Up: Period-Luminosity-Colour distribution and classification LPVs

5 Period--Luminosity--Colour relationship

5.1 PLC relations

The fitted distributions of period, magnitude and colour correspond to the following PLC relations (where the error bars correspond to $\pm 1\sigma$ deviations, as estimated using Monte Carlo simulations):

Group 1:

$\begin{eqnarray*}M_K & = -1.07_{[\pm 0.50]} \log P & - 0.37_{[\pm 0.13]} (V-K)_0 \\ & & - 1.49_{[\pm 0.72]} \end{eqnarray*}$
$\sigma_M\, =\, 0.63_{[\pm 0.13]}$
Group 2:

$\begin{eqnarray*}M_K & = -0.37_{[\pm 0.94]} \log P & -0.42_{[\pm 0.24]} (V-K)_0\\ & & -3.23_{[\pm 1.35]} \end{eqnarray*}$
$\sigma_M\, =\, 0.32_{[\pm 0.17]}$
Group 3:

$\begin{eqnarray*}M_K & = -1.69_{[\pm 0.54]} \log P & -0.16_{[\pm 0.14]} (V-K)_0\\ & & -2.53_{[\pm 0.78]} \end{eqnarray*}$
$\sigma_M\, =\, 0.50_{[\pm 0.08]}$
Group 4:

$\begin{eqnarray*}M_K & = -0.81_{[\pm 1.72]} \log P & -0.09_{[\pm 0.45]} (V-K)_0\\ & & -4.76_{[\pm 2.48]} \end{eqnarray*}$
$\sigma_M\, =\, 0.48_{[\pm 0.21]}$ .

The coefficients of the relation found for Group 4 are obviously very uncertain. This is not surprising, in view of the small number of stars (14), their small dispersion, and the number of parameters to estimate. For Groups 1, 2 and 4, the error bars on the zero point are relatively large; this is due to the fact that the means of the three variables are far from zero, and thus any slope uncertainty rebounds magnified on the zero point.

5.2 Projection onto the {P, M_K} plane

The tridimensional model distributions may be projected onto the period-luminosity plane. The elliptic-looking lines shown in Fig. 5 are the projections of the isoprobability contours that, in the mean PLC plane, correspond to a $2\sigma$ deviation. The offset between the data and the model populations is due to the sampling bias, which is suppressed by the LM algorithm (see Appendix A for details). Then, Period-luminosity relations, liable to be compared to the ones observed in the Magellanic Clouds, are derived by means of a linear least-squares fit to the contours. Monte-Carlo simulations, as well as analytic computations, have shown that this is equivalent to a fit onto the projected population itself. Finally, the error bars of the coefficients are estimated, for each group, by applying the standard least-squares procedure to a simulated unbiased sample (thus they may be directly compared to the error bars usually given for the LMC stars).

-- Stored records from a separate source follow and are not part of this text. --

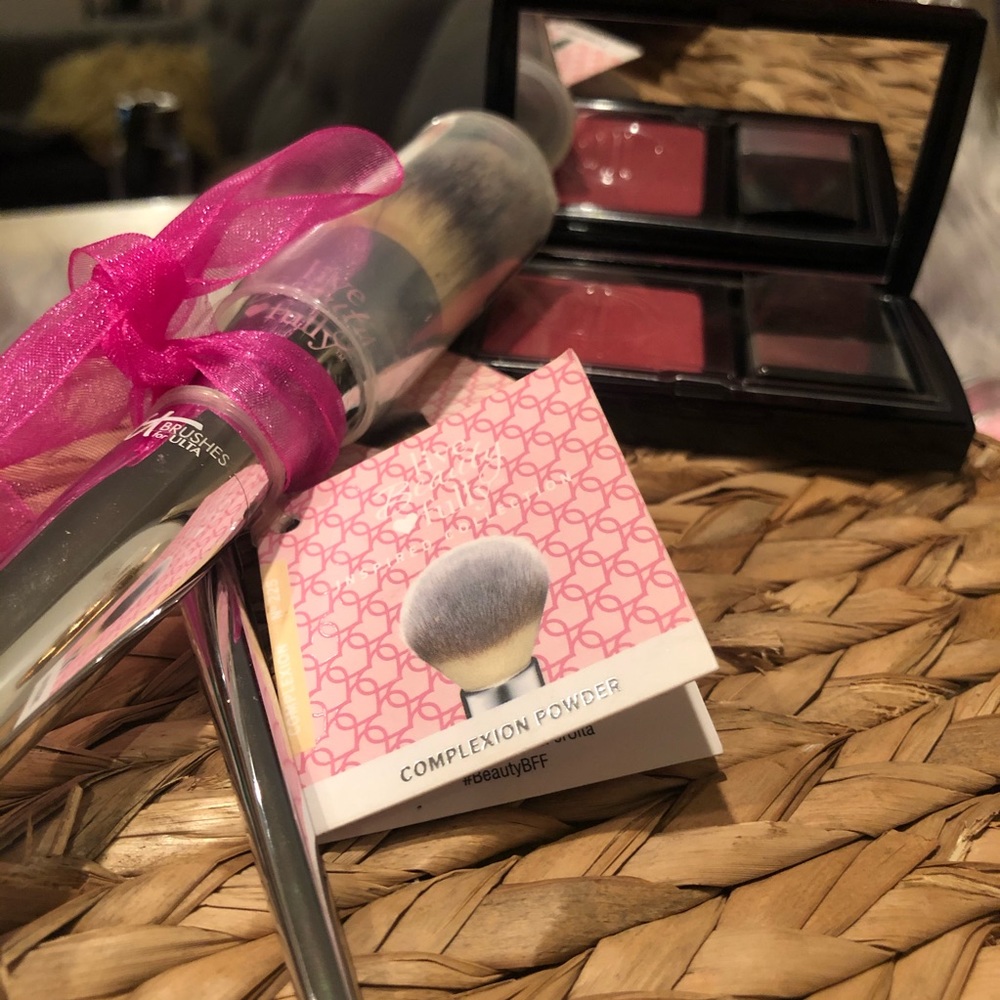 Ulta It Make-Up Brush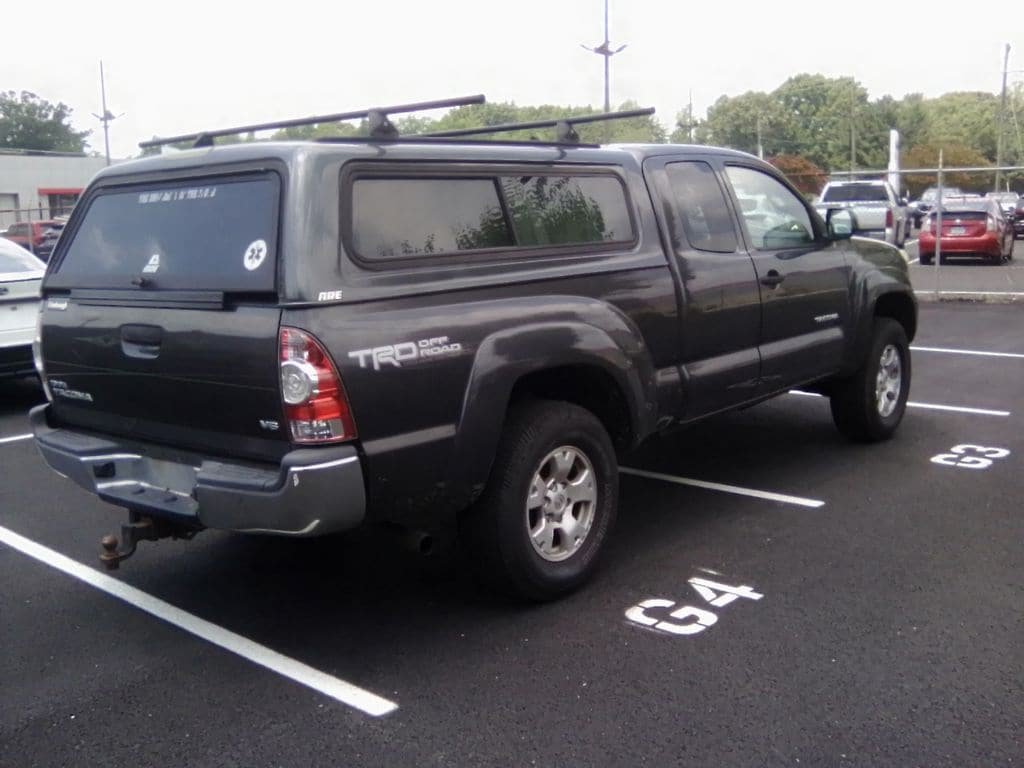 Used 2012 Toyota Tacoma 4x4 Access Cab V6 w/ TRD Off-Road Pkg image 3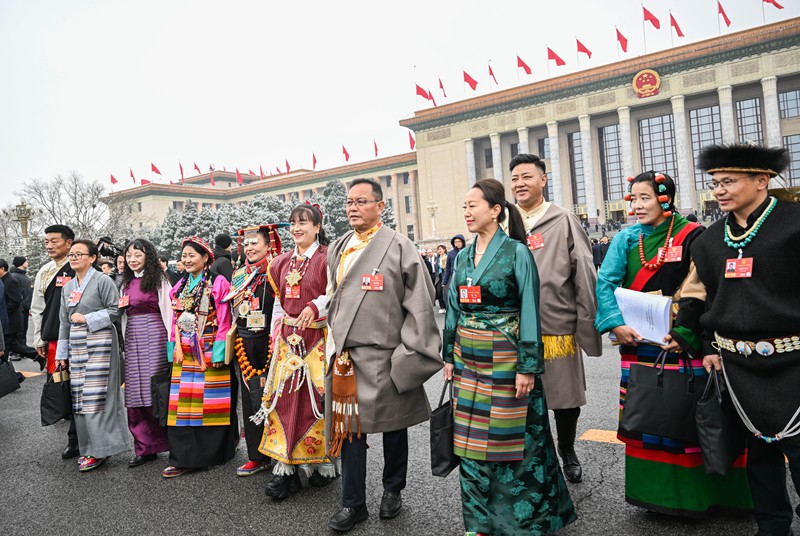 3月5日上午,十四屆全國人大四次會議在人民大會堂開幕。會后,代表們步出大會堂。記者 龍帆 攝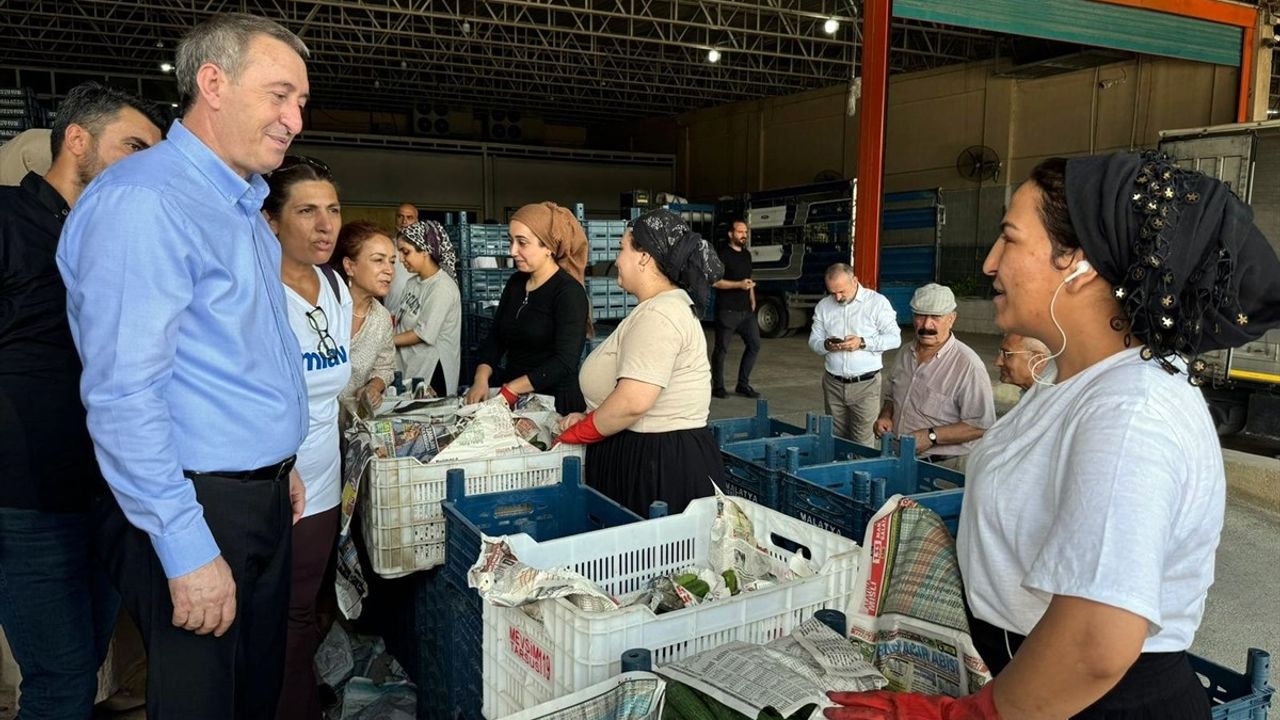 DEM Parti Eş Genel Başkanı Tuncer Bakırhan Mersin'de Esnaf ve Vatandaşlarla Bir Araya Geldi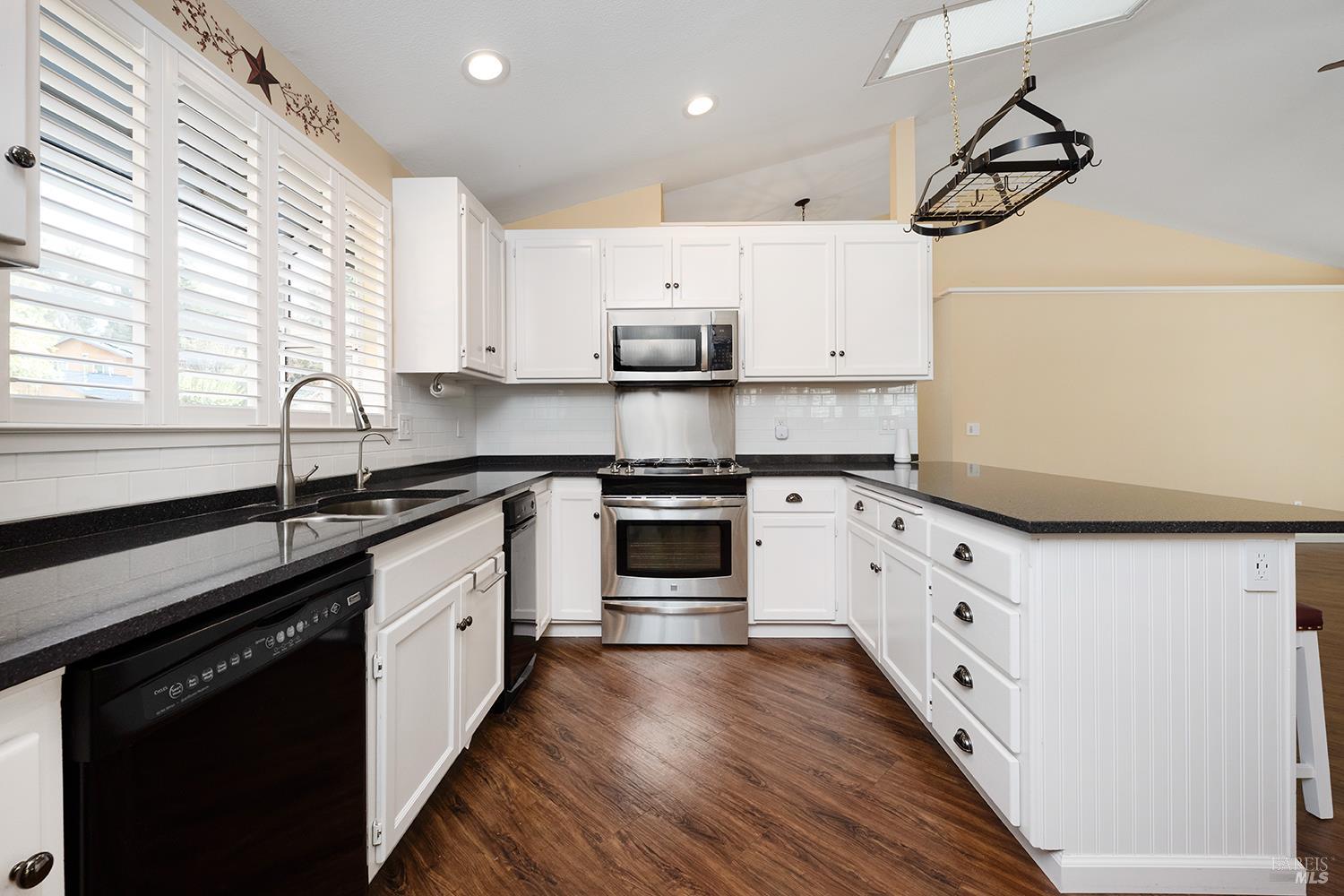 Graton, California, 95444, United States, 3 Bedrooms Bedrooms, ,2 BathroomsBathrooms,Residential,For Sale,1994914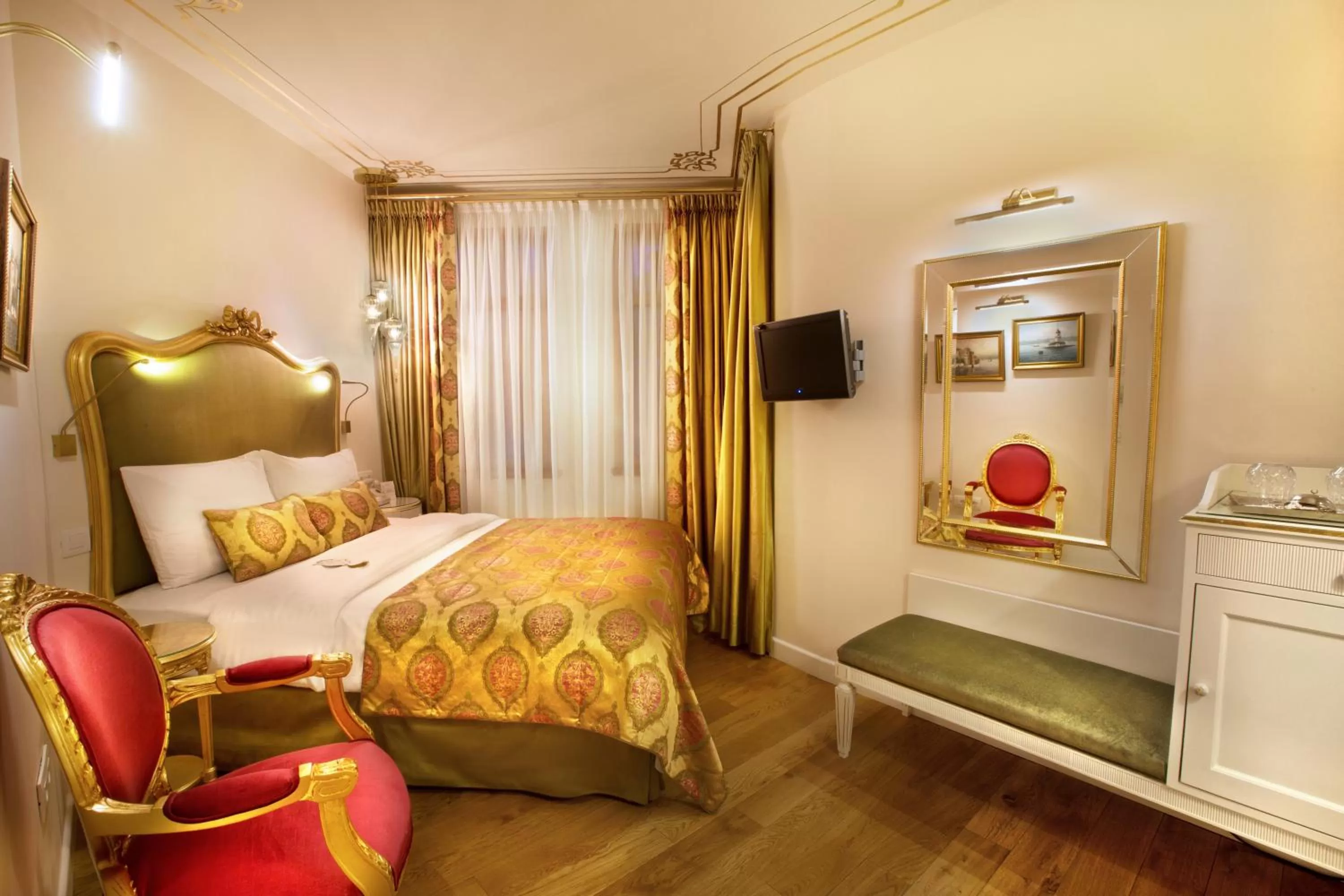 Photo of the whole room, Bed in Valide Sultan Konagi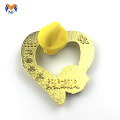 Distintivo de bolsa de metal dourado em forma de coração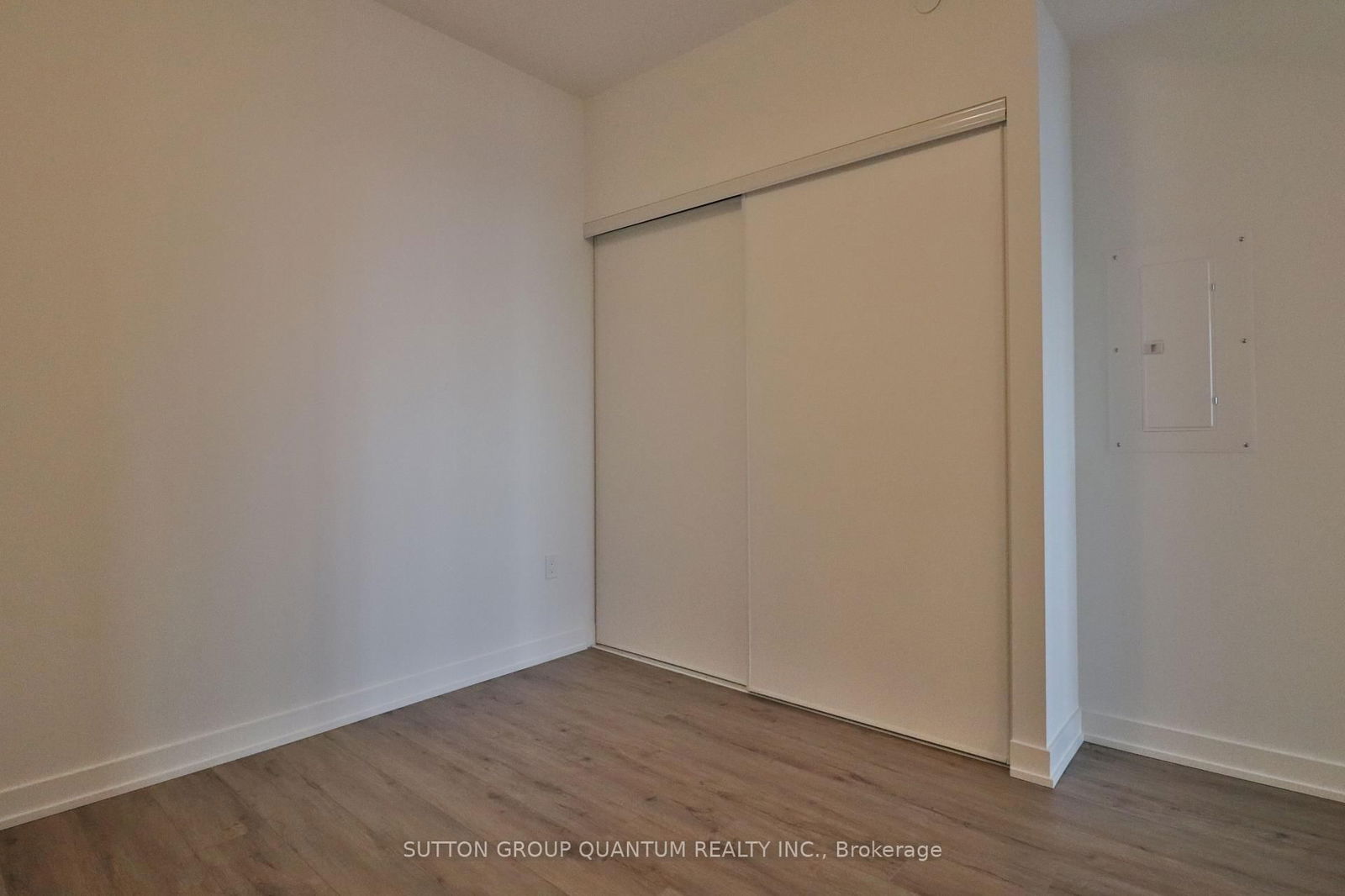 50 Ordnance St, unit 1307 for rent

The results are the following:

Group 1:

$\begin{displaymath}M_K = -5.04_{[\pm 0.72]} (\log P - 2.48) - 7.26_{[\pm 0.06]}\end{displaymath}$
Group 2:

$\begin{displaymath}M_K = -1.13_{[\pm 0.16]} (\log P - 2.00) - 6.41_{[\pm 0.05]}\end{displaymath}$
Group 3:

$\begin{displaymath}M_K = -2.11_{[\pm 0.13]} (\log P - 1.75) - 6.51_{[\pm 0.05]}\end{displaymath}$
Group 4:

$\begin{displaymath}M_K = -1.37_{[\pm 2.32]} (\log P - 2.24) - 7.05_{[\pm 0.14]}. \end{displaymath}$

It may be noticed that Groups 2 and 3 have similar mean magnitudes. The same holds for Groups 1 and 4.

$\begin{figure}\includegraphics[width=12cm]{ds8586f5.eps}\end{figure}$

Figure 5: PL calibrated distributions: individual data and projected model distributions ( $2\sigma$ isoprobability contours in the mean PLC plane). The Mira strip of the LMC is also shown (thick lines)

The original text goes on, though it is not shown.